Michael "Dyne" Mieth

"Der erste Stoff, den wir uns für Leinwände geholt haben, sah aus als hätten ihn Ratten angefressen."

Der alternative Weg zur akademischen Malerei war für mich der Weg über die Urbanart, so entwickelte ich durch meine Motivation und Begeisterung zur Kunst, unterschiedliche Richtungen und Techniken selbst. Im Ausland bekannt wurde Michael Dyne Mieth bei einer Ausstellung internationaler Künstler in Kalkutta, Indien, im Museum der Birla Academy of Art and Culture, wo er seine mit Kaffee gemalten Kunstwerke präsentierte.
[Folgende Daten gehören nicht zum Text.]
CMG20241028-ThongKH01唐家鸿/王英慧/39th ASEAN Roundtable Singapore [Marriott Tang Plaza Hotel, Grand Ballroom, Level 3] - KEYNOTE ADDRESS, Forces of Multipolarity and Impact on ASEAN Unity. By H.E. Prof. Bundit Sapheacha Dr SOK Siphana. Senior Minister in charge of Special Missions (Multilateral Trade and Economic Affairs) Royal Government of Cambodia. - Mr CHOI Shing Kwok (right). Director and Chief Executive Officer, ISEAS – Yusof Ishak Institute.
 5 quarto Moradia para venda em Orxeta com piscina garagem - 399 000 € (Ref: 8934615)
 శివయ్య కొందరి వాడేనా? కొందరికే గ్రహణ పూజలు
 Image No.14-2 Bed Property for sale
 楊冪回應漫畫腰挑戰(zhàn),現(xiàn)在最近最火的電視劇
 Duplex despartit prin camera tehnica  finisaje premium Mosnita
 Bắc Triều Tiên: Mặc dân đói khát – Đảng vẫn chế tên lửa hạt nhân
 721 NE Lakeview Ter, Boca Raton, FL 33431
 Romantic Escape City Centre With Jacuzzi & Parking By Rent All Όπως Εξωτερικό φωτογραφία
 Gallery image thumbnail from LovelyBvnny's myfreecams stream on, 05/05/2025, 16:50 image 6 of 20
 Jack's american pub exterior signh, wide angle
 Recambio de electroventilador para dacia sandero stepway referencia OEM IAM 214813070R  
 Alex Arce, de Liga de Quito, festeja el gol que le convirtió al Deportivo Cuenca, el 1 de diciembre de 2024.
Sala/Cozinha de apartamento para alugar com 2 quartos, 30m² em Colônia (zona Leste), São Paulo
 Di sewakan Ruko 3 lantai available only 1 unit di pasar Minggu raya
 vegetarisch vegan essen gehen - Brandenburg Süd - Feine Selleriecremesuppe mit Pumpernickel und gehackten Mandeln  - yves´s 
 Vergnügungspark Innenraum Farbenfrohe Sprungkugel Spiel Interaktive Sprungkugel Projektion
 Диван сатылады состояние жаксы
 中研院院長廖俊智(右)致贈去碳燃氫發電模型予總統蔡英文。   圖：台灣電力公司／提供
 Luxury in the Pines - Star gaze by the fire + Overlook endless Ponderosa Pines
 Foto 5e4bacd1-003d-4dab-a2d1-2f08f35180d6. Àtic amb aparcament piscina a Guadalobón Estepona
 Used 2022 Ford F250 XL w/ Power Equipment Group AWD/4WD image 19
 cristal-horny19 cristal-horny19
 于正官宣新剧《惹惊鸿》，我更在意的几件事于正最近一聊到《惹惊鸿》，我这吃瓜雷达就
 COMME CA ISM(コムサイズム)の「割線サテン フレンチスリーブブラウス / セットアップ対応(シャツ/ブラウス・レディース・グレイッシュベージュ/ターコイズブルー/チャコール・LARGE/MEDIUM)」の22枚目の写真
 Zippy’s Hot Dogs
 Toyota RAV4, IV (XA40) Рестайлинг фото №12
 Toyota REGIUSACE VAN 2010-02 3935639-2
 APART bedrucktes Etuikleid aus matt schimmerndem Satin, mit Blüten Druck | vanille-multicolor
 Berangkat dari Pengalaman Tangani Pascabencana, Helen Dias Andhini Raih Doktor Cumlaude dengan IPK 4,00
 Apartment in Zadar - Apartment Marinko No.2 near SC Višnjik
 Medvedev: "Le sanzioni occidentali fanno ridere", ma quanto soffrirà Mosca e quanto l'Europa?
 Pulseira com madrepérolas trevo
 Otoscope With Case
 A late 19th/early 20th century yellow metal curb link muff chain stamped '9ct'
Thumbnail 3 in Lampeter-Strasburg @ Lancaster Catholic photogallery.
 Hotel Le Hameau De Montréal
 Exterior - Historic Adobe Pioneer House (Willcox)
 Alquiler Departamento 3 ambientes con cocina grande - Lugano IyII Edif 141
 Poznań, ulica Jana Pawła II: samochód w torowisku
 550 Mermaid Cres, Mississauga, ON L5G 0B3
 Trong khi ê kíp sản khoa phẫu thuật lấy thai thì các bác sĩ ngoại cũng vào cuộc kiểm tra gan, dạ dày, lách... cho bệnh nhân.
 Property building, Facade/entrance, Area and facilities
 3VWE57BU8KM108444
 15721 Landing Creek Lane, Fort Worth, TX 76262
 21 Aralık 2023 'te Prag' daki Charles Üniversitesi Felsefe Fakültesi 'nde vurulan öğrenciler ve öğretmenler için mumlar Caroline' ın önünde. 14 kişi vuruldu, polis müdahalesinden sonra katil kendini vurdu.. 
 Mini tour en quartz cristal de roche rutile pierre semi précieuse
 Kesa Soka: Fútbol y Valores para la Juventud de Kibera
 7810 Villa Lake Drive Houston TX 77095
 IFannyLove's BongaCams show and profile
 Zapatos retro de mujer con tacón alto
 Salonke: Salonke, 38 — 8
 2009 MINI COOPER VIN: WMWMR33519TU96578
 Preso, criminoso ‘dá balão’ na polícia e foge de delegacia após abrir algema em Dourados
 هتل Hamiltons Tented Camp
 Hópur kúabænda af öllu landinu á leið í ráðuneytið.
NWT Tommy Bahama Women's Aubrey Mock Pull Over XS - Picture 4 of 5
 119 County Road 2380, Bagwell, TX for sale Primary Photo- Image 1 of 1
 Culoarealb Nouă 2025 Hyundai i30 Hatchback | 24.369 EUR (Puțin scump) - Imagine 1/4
Er ist ein in Berlin lebender Maler, Bildhauer und Multimedia-Künstler, dessen Kunst international ausgestellt wird und aufgrund visionärer Motive immer wieder Aufsehen erregt. Zuletzt wurde sein Bild „Cara del Universo“ beim Gallery Weekend im curated art space Hotel Mond Fine Arts Berlin ausgestellt. Neben renommierten internationalen Künstlern wie Banksy, D*Face, KeithHaring und Jean-Michel Basquiat, war er als einziger Deutscher Künstler Teil der Gruppenausstellung.

Michael Dyne Mieth Neuinterpretation, Vis-à-vis von Pablo Picassos Original GUERNICA Gouache, in den Original Maßen von 3,50 x 7,77 m, wurde am Anfang dieses Jahres im Museum der Kaiserlichen Hofburg in Innsbruck ausgestellt.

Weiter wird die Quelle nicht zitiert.